Katie Benintende: Making A Difference At UC-Berkeley’s Haas School

Haas MBA student Katie Benintende in front of school marketing posters   - Ethan Baron photo

Haas MBA student Katie Benintende in front of school marketing posters – Ethan Baron photo

Best of 2015Katie Benintende had done her research – she knew she wouldn’t be coming into a gender-equal MBA class at U.C. Berkeley’s Haas School of Business. And she was entering school after several years as an engineer, senior analyst, and manager in a male-dominated field where she’d often been addressed as “sweetie” or “honey” on the plant floor. The class preceding her arrival at Haas had been 32% women. Benintende knew Berkeley was a progressive place, but what she found upon arriving at Haas did not look like progress: her MBA class had even fewer women, 29%.
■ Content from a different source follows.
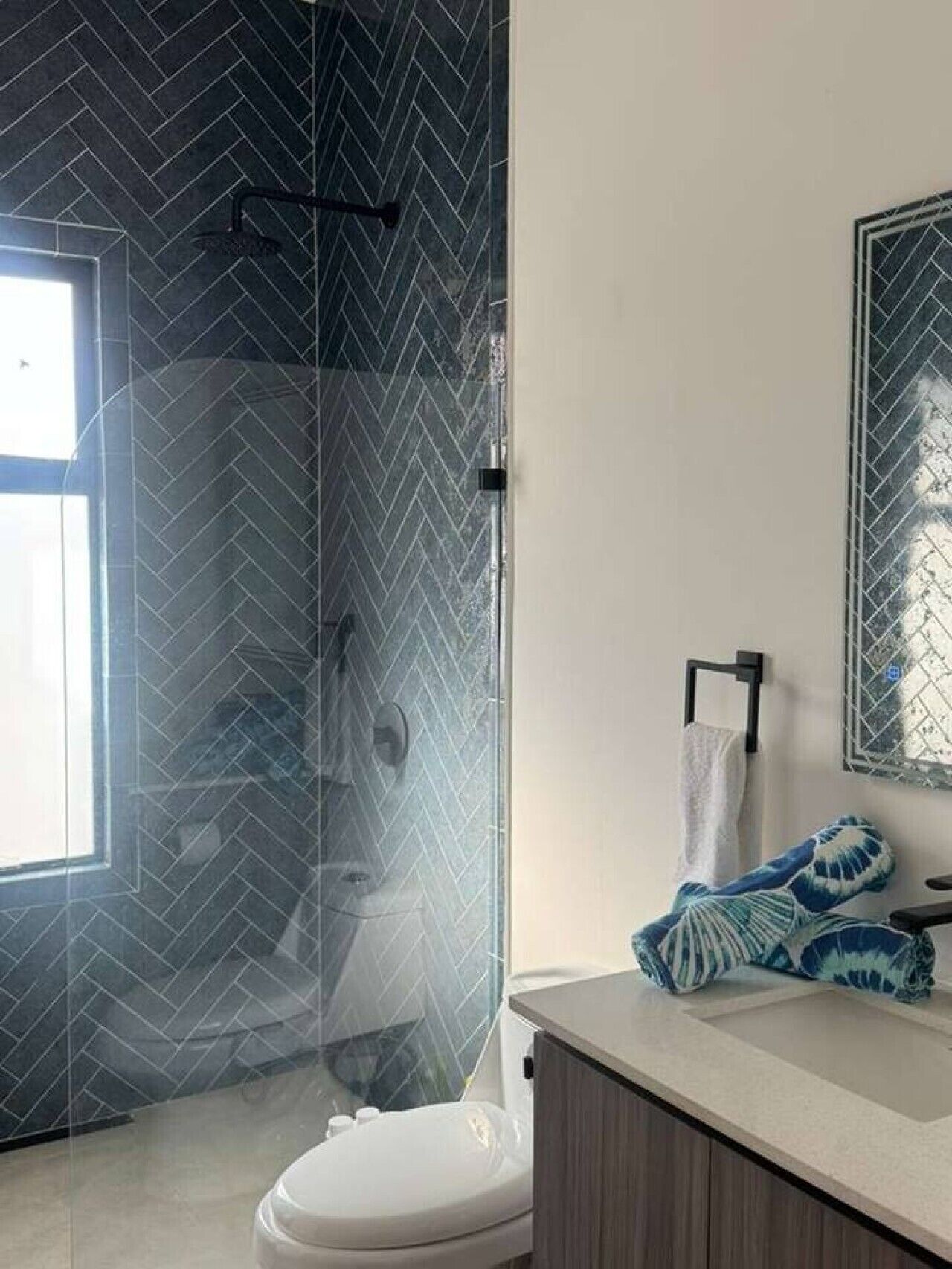 Un baño con cabina de ducha de vidrio, inodoro, lavamanos con toalla y espejo.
“I was honestly shocked that we were so far behind our peer schools,” says Benintende, 30. But since she’d first had her eyes opened to gender inequality as a 7th-grader volunteering at a Thai orphanage where only boys would go on to school, Benintende had learned to seek out powerful, capable women. “We found each other pretty quickly when we came to Haas. There was a group of us that noticed the inequality and felt like this was a place that we could lead the revolution, to make the change that needed to be made in business, to drive more women to reach the highest levels.”
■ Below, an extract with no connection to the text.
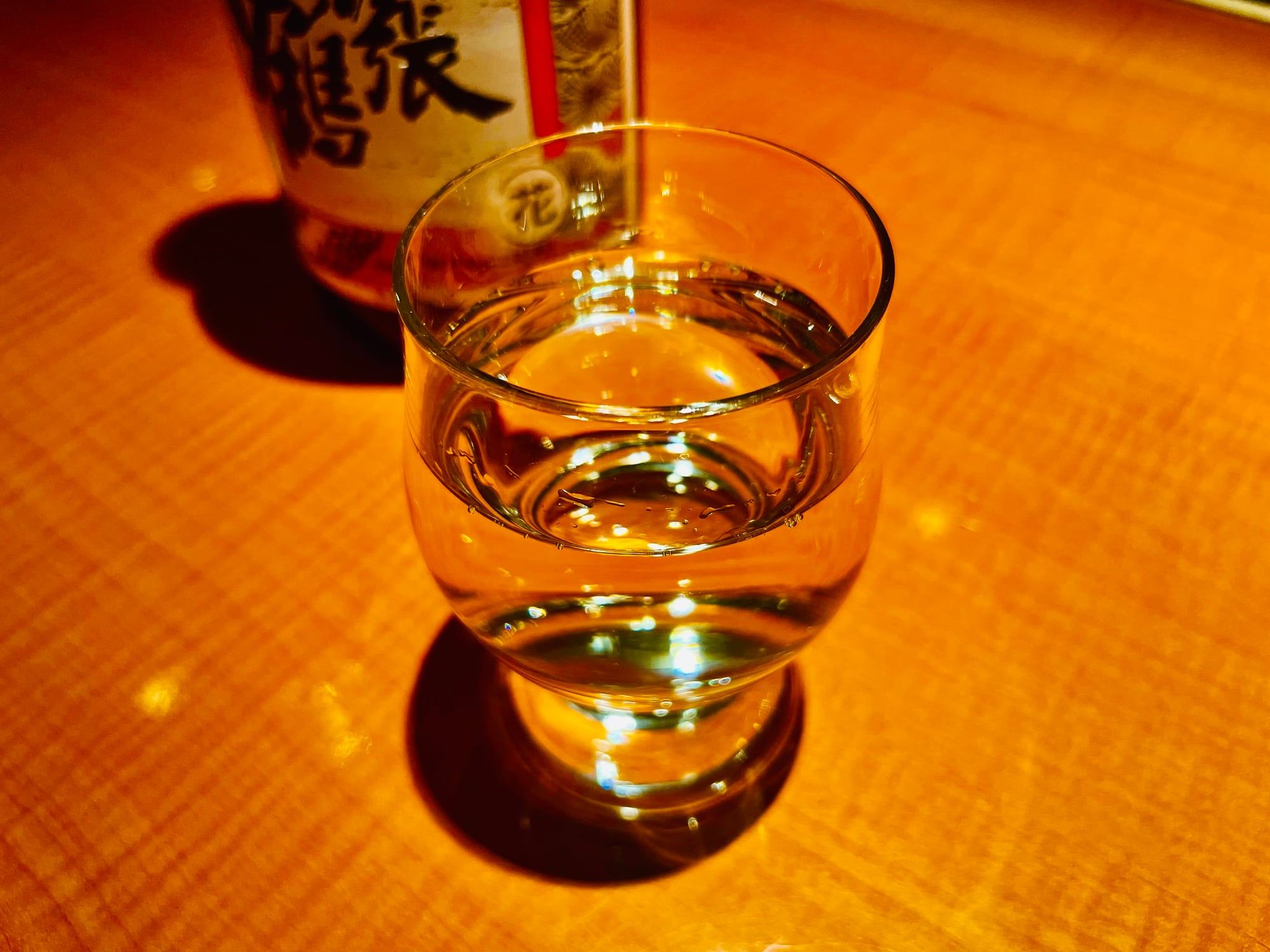 酒瓶を背にグラスに注がれた酒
The group, joined by two male students, met with faculty to rally support for a full-on gender-parity effort, covering everything from admissions to male-centered course content. They reached out to influential female alumni. They met with dean Richard Lyons. They participated in admissions events, to persuade female all-stars to choose Haas.

A HUGE LEAP FOR WOMANKIND

The result? A turbocharged boost to the school’s gender-parity effort, and a Class of 2016 that’s 43% women – up 14 percentage points in a single year.

Benintende was seven when her father took a job for Ford in Dubai. Her mother, an artist, had earlier opposed the idea of living in the Middle East. “She is an enormous feminist,” Benintende says. “She likes her freedom and she likes to be able to do what she wants . . . and likes to be able to express herself.” But Dubai was a good career move for Benintende’s father, and her mother agreed to move.
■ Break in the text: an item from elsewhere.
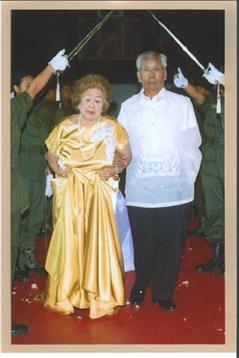 A well-dressed couple walks down a red carpet while military personnel display ceremonial swords.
While Dubai offered Benintende an opportunity to experience a variety of cultures, she believes it was the place where she began to internalize the external societal biases against women and girls. “I’ve always been aware of my gender because you had to be very careful in the Middle East. At night you had to be really, really careful.”

A PIVOTAL EARLY EXPOSURE TO GENDER INEQUALITY

Then she went to Thailand in seventh grade to volunteer in an orphanage – a pivotal event. She found that girls who didn’t get adopted would become caretakers, while boys would be sent to school. “That was my trigger,” Benintende says. “These kids were not only not getting the education they deserved but they were being forced into these gender roles when they were five or six years old. My whole life up to that point I had been told that I could do anything and be anything. It made me sick and sad and I remember coming home to my parents and being appalled by it.”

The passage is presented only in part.